WORK ORDER — No images, please. Copy each entry below exactly as it reads.
★ ★ ★ ★ ★ ★ ★
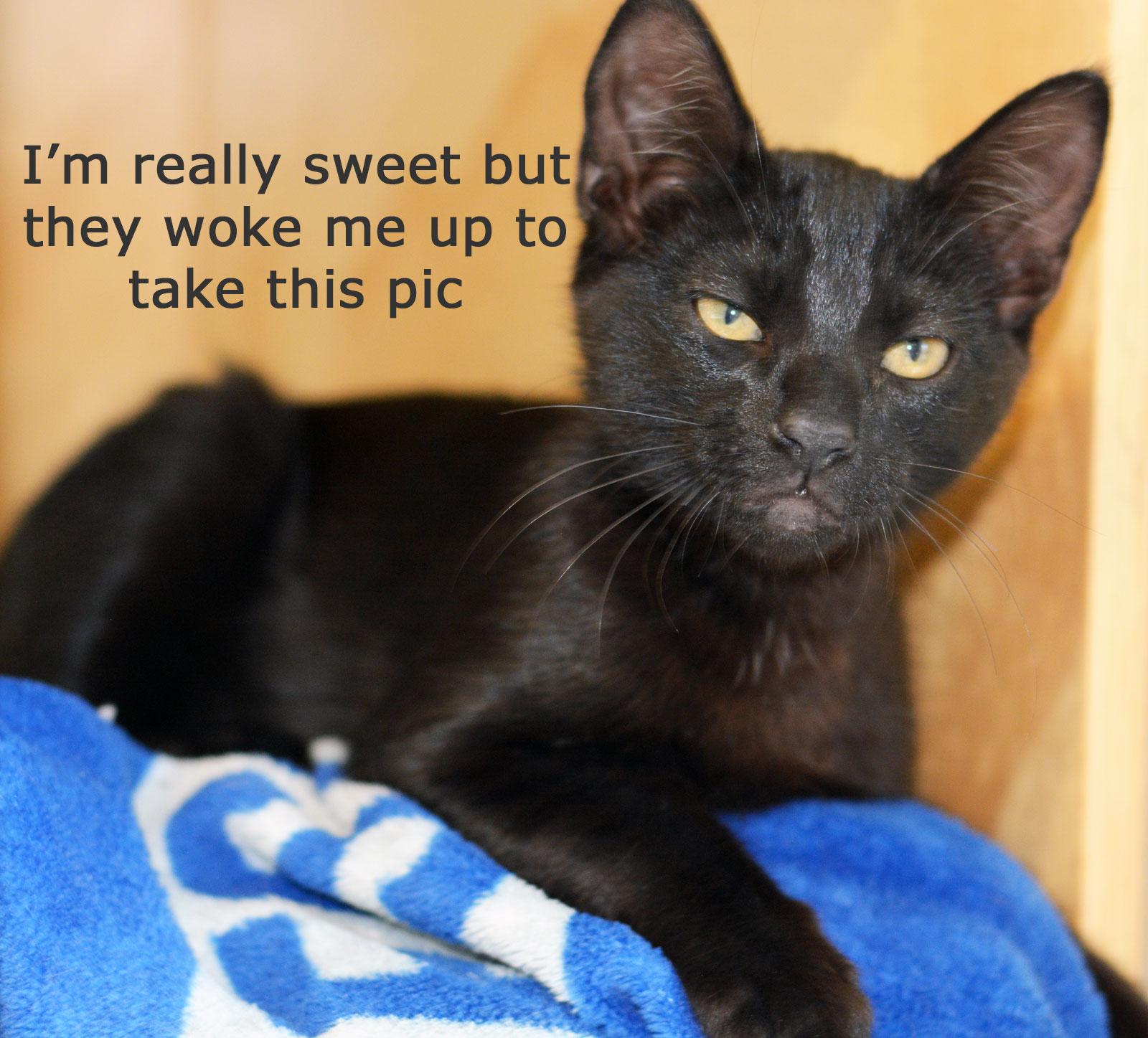 FRIEDRICH, a ADOPTABLE Domestic Short Hair in San Clemente, CA image 3/3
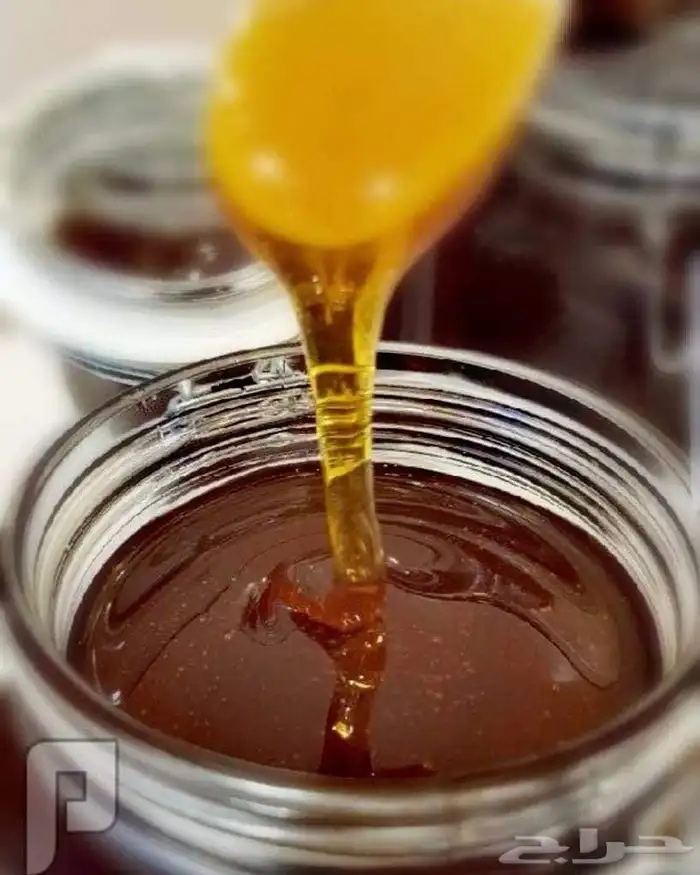 عسل سدر جبلي 6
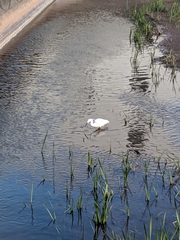 Egretta garzetta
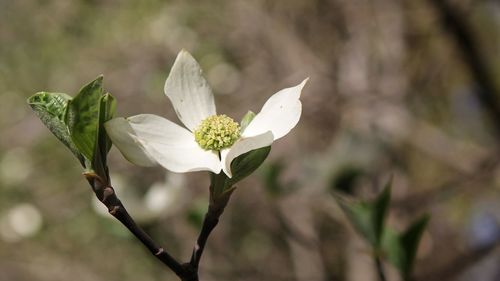 Close-up of white flowers blooming outdoors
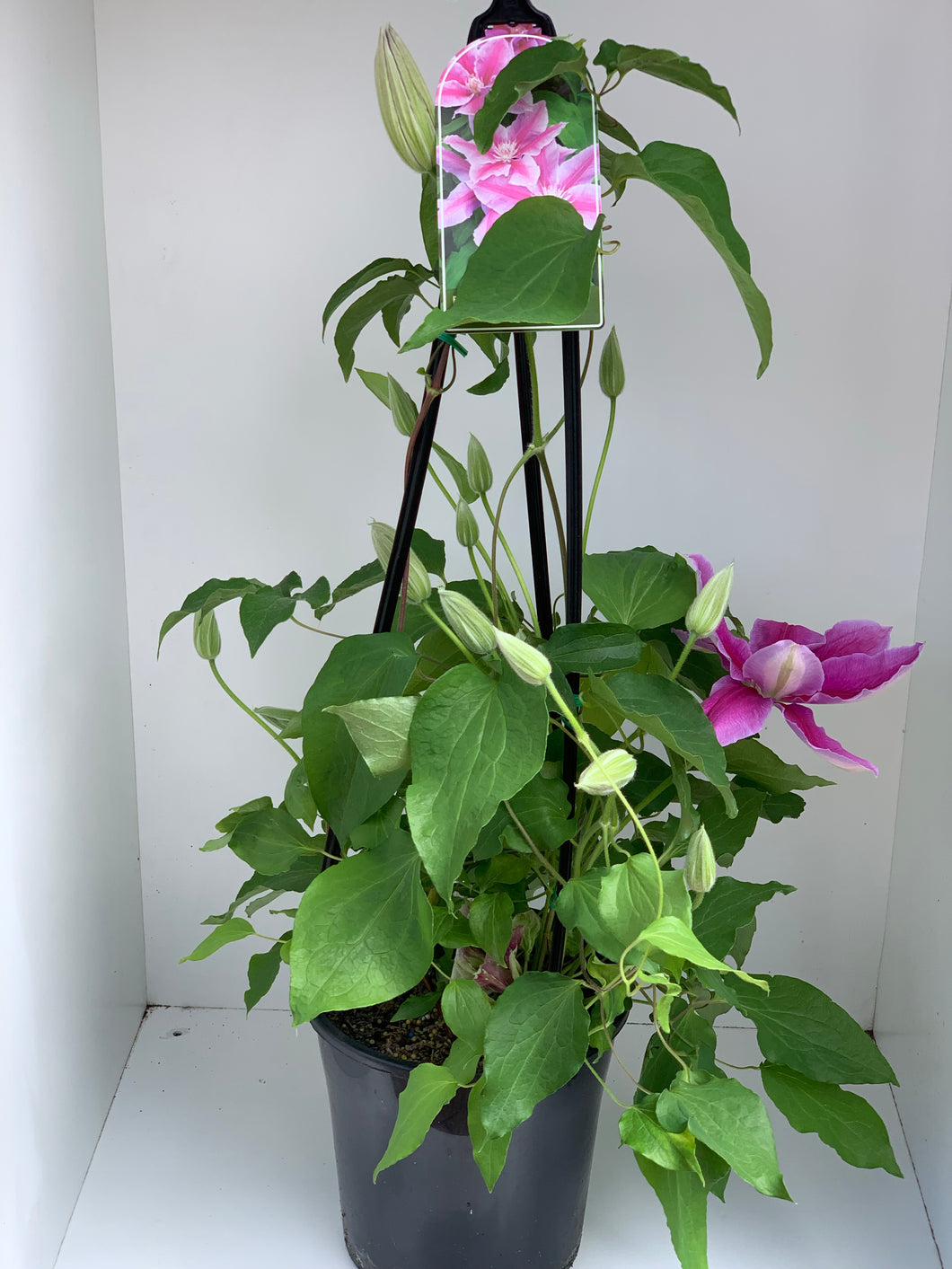 Clematis ‘Dr Ruppel’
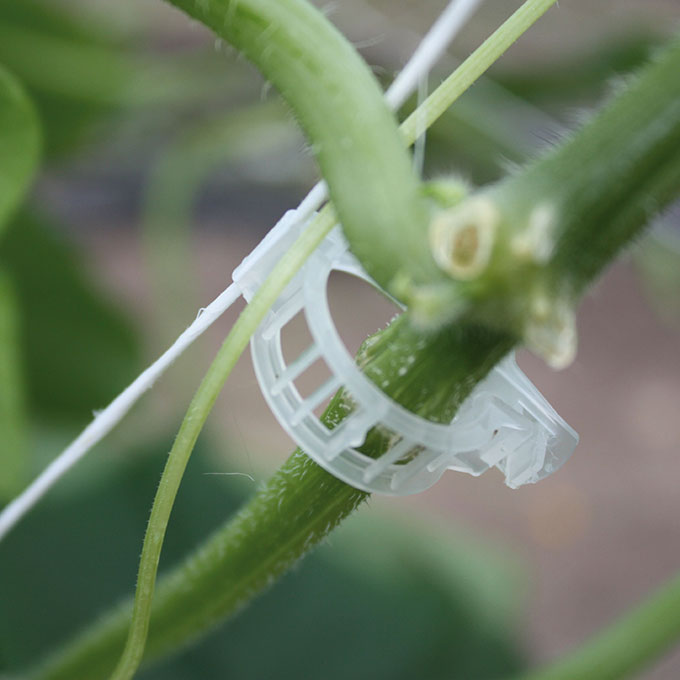 Pflanzenbefestigungsclip 25 mm terracotta, Beutel à 500 Stück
★ ★ ★ ★ ★ ★ ★
ANSWER FOR THIS EXERCISE —
 FRIEDRICH, a ADOPTABLE Domestic Short Hair in San Clemente, CA image 3/3
 عسل سدر جبلي 6
 Egretta garzetta
 Close-up of white flowers blooming outdoors
 Clematis ‘Dr Ruppel’
 Pflanzenbefestigungsclip 25 mm terracotta, Beutel à 500 Stück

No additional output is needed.